Environment: Students should be reorganized for this task so that they are grouped homogeneously. This way each partnership can work at a pace that is suited for both members and I can sit with students who need more direct help.
This powerpoint should be used to demonstrate the meaning of the solution to a system of equations. Students are usually great at graphing lines and finding out where they cross but don't connect this with the fact that the solution makes both equations true. In this opening students are walked through this understanding step by step so that they can see and understand this connection.
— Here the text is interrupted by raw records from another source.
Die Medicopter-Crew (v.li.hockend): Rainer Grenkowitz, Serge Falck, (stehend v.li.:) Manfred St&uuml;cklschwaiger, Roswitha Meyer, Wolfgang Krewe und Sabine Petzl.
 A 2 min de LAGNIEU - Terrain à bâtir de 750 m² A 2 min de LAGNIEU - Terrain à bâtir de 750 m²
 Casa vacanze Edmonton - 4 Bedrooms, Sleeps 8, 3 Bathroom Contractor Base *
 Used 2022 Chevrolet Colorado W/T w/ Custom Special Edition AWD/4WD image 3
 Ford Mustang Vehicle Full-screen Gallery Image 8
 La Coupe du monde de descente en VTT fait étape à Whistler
Slide 3: Allow students a few minutes to come up with a series of points for each equation on their own. Then do a think pair share so that students can compare strategies around how they came up with the points (e.g. by looking at the graph and noticing a pattern, using the formula or equation, some other way). When students share out as a class you can use non-verbal cues (thumbs up/thumbs down) to determine how many other students used a similar strategy. All students to see, through their sharing of ideas, that when the x and y values for each point on the line are substituted into the equation it makes the equation true.
Slide 4: If students complete the task in slide 3 successfully, they will see how the point that the two functions have in common will make both equations true. However, I also like to have students pick a couple of points on the red line and show that they do not make the blue equation true. This serves to solidify the fact that the point where the two lines cross is the only point whose coordinates will satisfy both equations.
Students can have the opportunity to practice solving systems of equations graphically and then using their solutions to show that it makes both equations true. The repetition in this investigation allows students to deepen their understanding of this concept while extending their understanding to systems with no solutions and infinite solutions.
Extention/scaffolds: During this lesson, I will often pull a small group of students who is having difficulty graphing equations and work with them on both the graphing aspect and the substitution of the solution into each equation.
This ticket out the door question will allow you to see quickly which students have acquired the understanding from the lesson and the explanation that accompanies their solution will help you guage the depth of the understanding. This information can be used in order to form groups for the next two days of modeling investigations.